Defra consults on removal of Clean Air Act

The government issues call for evidence on its proposals to scrap or amend the Clean Air Act 1993 as part of its drive to cut red tape

The government has issued a call for evidence on its review of the Clean Air Act 1993 in England, which could be scrapped altogether under current proposals.

The Department for the Environment, Food and Rural Affairs (Defra) is seeking views from the public, local authorities and businesses such as boiler manufacturers and those in the food industry as part of the consultation, which runs from September 3 until October 29.

Defra is proposing to scrap or amend the Clean Air Act 1993, which limits smoke emissions from chimneys

Defra is proposing to scrap or amend the Clean Air Act 1993, which limits smoke emissions from chimneys

The Clean Air Act (CAA) 1993 gives powers to local councils to control domestic and industrial smoke to improve local air quality and meet EU air quality standards for sulphur dioxide and particulate matter.

The CAA, which has its roots in legislation that is now almost 60 years old, also enables local councils to create ‘smoke control areas’ and order the use of cleaner fuels in these areas.

Defra first announced in June 2012 that it planned to consult on the review of the Act this year as part of its Red Tape Challenge to remove legislation that is ‘unnecessary or not working’ (see story).

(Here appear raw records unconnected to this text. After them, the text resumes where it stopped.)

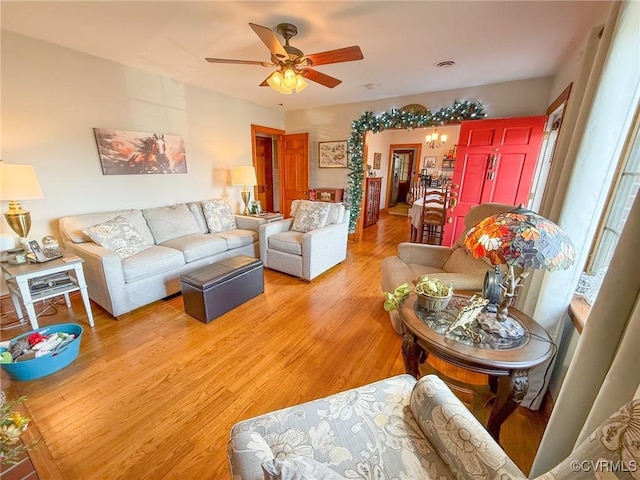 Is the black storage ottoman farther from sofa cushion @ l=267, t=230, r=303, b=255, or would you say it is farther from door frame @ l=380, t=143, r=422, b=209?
door frame @ l=380, t=143, r=422, b=209

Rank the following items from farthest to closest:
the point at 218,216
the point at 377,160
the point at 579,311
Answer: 1. the point at 377,160
2. the point at 218,216
3. the point at 579,311

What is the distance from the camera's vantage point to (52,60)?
2.46 m

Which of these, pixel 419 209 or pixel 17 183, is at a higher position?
pixel 17 183

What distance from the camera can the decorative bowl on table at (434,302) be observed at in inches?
51.6

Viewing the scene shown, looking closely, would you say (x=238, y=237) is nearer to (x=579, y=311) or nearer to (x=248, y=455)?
(x=248, y=455)

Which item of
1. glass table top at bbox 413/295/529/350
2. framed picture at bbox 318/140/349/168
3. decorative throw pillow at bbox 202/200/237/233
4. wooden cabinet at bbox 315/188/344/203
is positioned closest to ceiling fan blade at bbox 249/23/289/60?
glass table top at bbox 413/295/529/350

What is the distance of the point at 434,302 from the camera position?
1.32 metres

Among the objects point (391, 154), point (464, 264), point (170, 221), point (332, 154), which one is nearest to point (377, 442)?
point (464, 264)

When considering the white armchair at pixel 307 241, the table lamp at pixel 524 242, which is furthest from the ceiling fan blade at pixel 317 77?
the table lamp at pixel 524 242

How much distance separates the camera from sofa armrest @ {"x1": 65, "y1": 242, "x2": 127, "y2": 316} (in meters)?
2.21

The consultation comes as part of this review, which aims to ‘reduce burdens’ on business and local authorities; make environmental rules and regulations more user friendly; and maintain the quality of environmental regulations.

In March 2013, Defra published a report — carried out by air quality consultants Ricardo-AEA — which suggested that removing the CAA could lead to an increase in particulate matter emissions unless new legislation was introduced (see story).


The Clean Air Act 1993 contains measures which:

  • prohibit emissions of smoke within smoke control areas, unless using an exempted appliance or an authorised fuel.
  • prohibit emissions of dark smoke from any chimney, or from industrial or trade premises, subject to certain exemptions.
  • require approval of many commercial furnaces to ensure they don’t emit too much smoke, grit and dust.
  • require approval of many furnace chimneys to ensure they are high enough to disperse any residual emissions
  • prohibit cable burning except under an environmental permit.

Defra is also currently consulting on its proposals to remove the obligations for councils in England to monitor air pollution, a move which has been attacked by London Assembly members (see story) and also several Labour MPs (see story).